The second major problem in Valdez’s presentation is that it suggests the cap-and-trade program is inconsequential. The program most definitely inflicts costs onto Californians by driving up the cost of industry here in the state. Valdez presents readers with a picture in which corporations continue in a business-as-usual fashion using the modest reduction in emissions as evidence. This fails to account for the obvious possibility that in the absence of such a program emissions (both of greenhouse gases and local air pollutants) would be considerably higher than they are now and would be considerably higher in the near future than they would otherwise. This is the essence of carbon pricing and the great irony is that writers like Valdez, arguing in their minds from a pro-environmental point of view, have as much influence against carbon pricing as any climate sceptics do.
CBS8 San Diego — March 24, 2022:
San Diego Gas & Electric announced Thursday that residential customers will receive credits on their upcoming bills due to a state program aimed at combating climate change. The utility said customers will get up to $171.40 in bill credits in the coming months due to the California Climate Credit program, which distributes gas and electric credits twice per year.
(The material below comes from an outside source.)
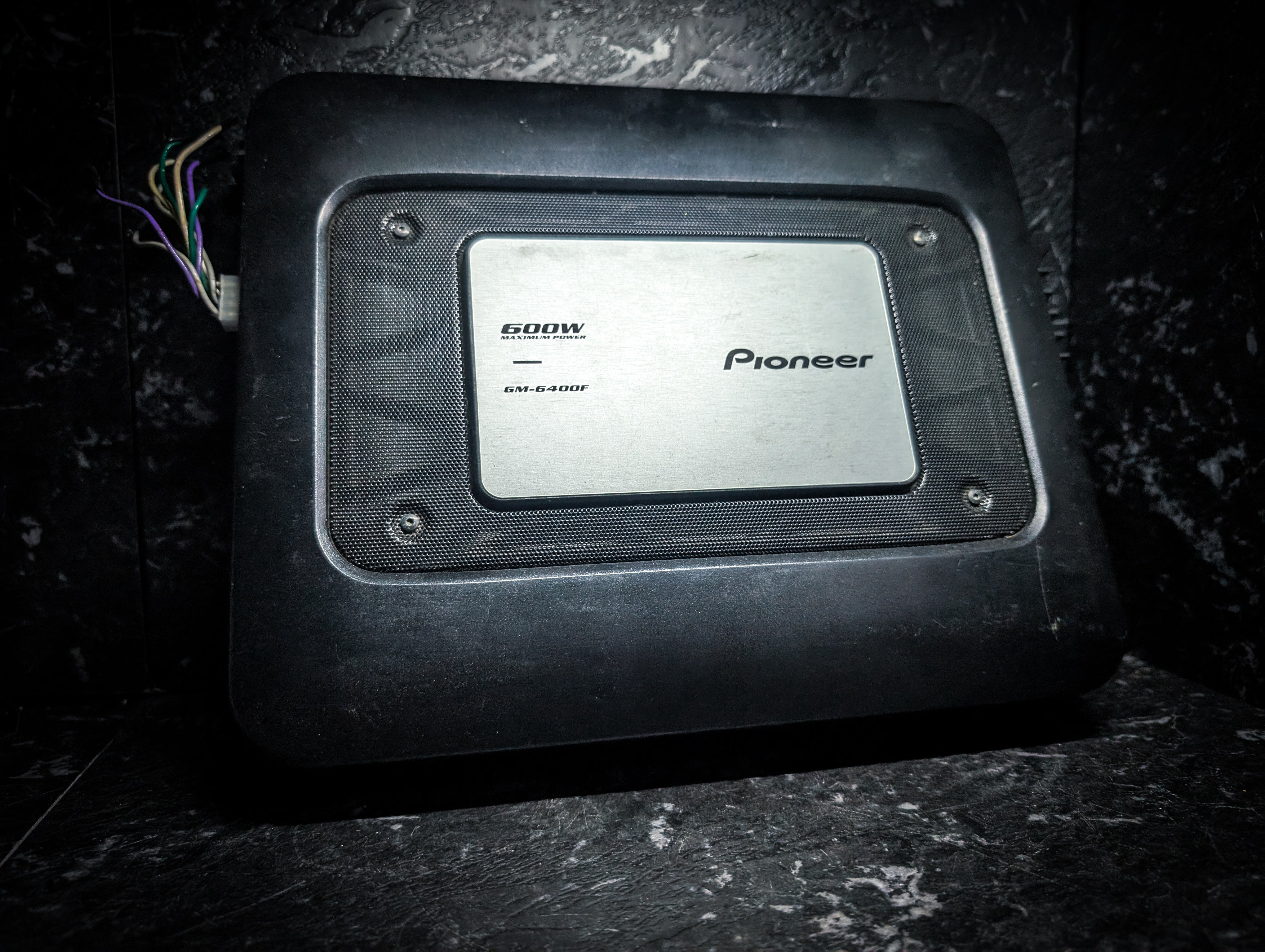 PIONEER 600watt 4 Channel Power Amplifier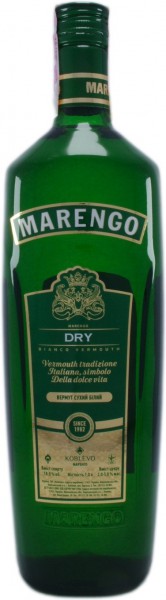 Вермут "Marengo" Bianco Dry, 1 л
…The program, administered by the California Public Utilities Commission, requires industries that emit greenhouse gases to buy carbon pollution permits. Credits on customers’ bills represent the customers’ share of the payments from the state’s program.
IER’s Take
The California Climate Credit program is as exasperating as it is deceitful. According to the California Public Utilities Commission, “Every spring and fall, millions of California residents receive credits on their electric and natural gas bills identified as the ‘California Climate Credit.’ The California Climate Credit is part of California’s efforts to fight climate change.”
In truth, the pay-outs are pay-back for the higher costs Californians pay on account of the cap-and-trade program.
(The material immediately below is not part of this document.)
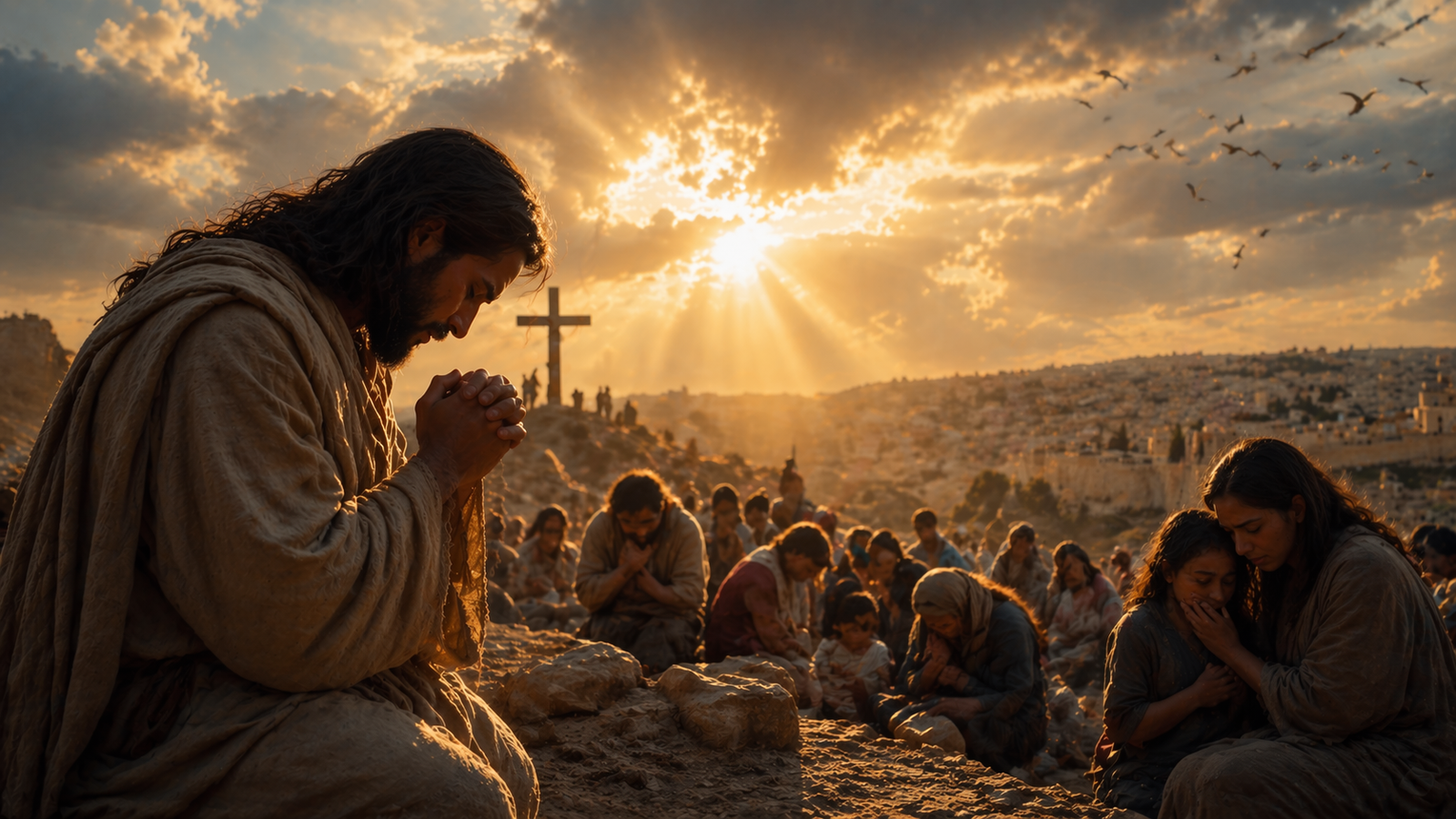 PRAYER FOR JUSTICE AND PEACE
To their credit, CBS8 did quote a dissenter, Mark Toney, Executive Director for The Utility Reform Network, who said, “It’s not SDG&E out of the goodness of their heart who decided they are going to give customers credit, these are credits because customers pay higher consumer prices for other products…The things we buy have higher costs because they paid for the climate credits; the idea is that the credits made on our bills are supposed to offset those higher costs.”
California electricity prices are the highest in the region due to public policies like the cap-and-trade program that funds these pay-outs.
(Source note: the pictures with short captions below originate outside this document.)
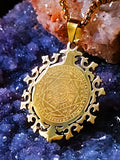 The Archangel’s Solar Sigil Talisman of Divine Protection and Guidance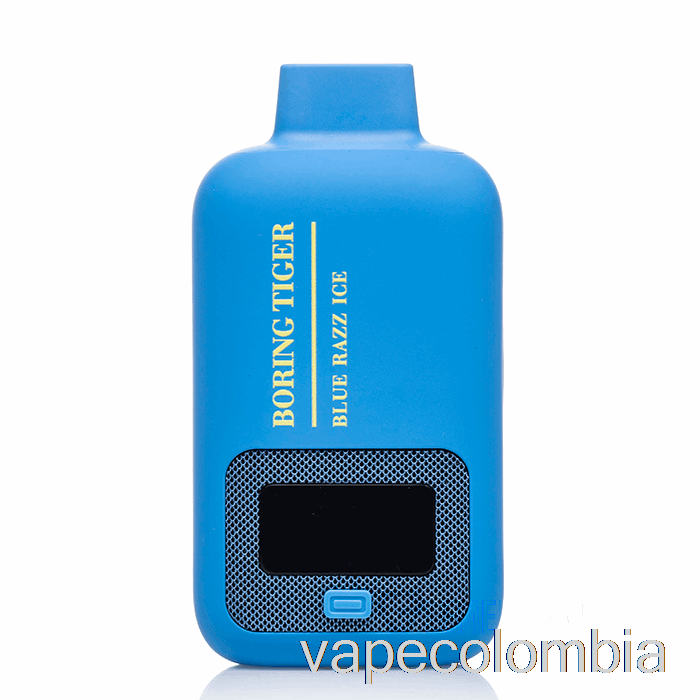 Kit Completo De Vapeo Luffbar Aburrido Tigre 25000 Desechable Azul Razz Ice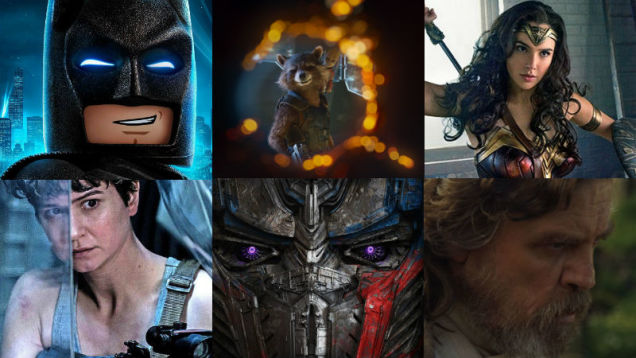 io9's Guide to All the Movies You Give a Damn About in 2017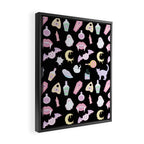Pastel Goth Framed Canvas Print Gallery Image 2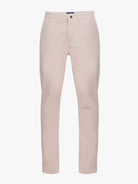 CALÇAS DOBBY BEGES REGULAR FIT MR. BLUE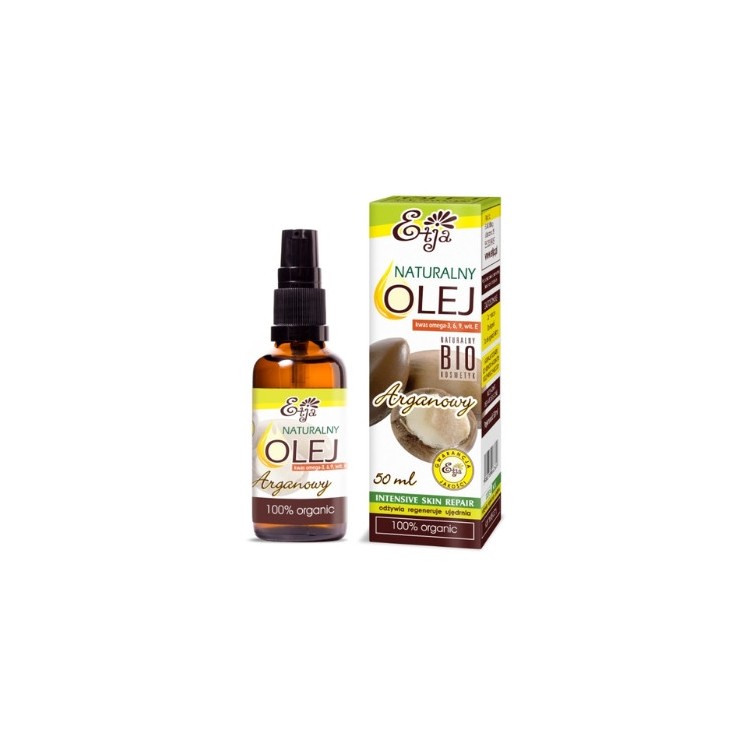 Etja Naturalny Olej Bio Arganowy 50 ml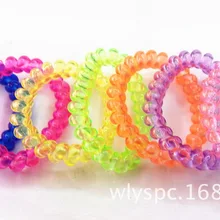 20 комплектов 100 шт./компл. телефонный провод шнур эластичный головной галстук набор веревок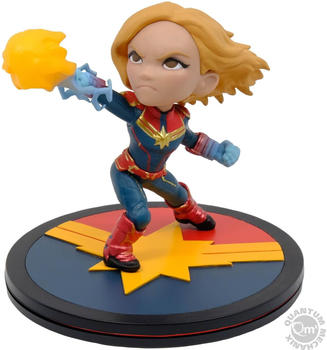 Quantum Mechanix Marvel Q-Fig Diorama - Captain Marvel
Put another way, California is using the tax-and-rebate approach that IER has dissected and dismantled here, here, and here. The lump-sum rebate revenue-recycling strategy is an attempt to pacify a public that has had energy affordability undermined. The framing by the CPUC intentionally obscures that reality.
The latest gambit from Sacramento is Governor Gavin Newsom’s idea to send car-owning Californians a debit card to cover elevated prices at the pump. As with the climate credit scheme, this Band-Aid would do nothing to address the underlying energy affordability barriers erected by the state itself.